● **What you will do**
Print the listing exactly.

● **Given material**
▶

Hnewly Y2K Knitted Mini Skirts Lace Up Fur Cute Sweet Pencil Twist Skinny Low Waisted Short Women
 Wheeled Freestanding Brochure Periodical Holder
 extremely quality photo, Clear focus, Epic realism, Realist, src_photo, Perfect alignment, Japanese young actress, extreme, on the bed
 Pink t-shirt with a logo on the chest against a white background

◀

● **Result for this task**
Hnewly Y2K Knitted Mini Skirts Lace Up Fur Cute Sweet Pencil Twist Skinny Low Waisted Short Women
 Wheeled Freestanding Brochure Periodical Holder
 extremely quality photo, Clear focus, Epic realism, Realist, src_photo, Perfect alignment, Japanese young actress, extreme, on the bed
 Pink t-shirt with a logo on the chest against a white background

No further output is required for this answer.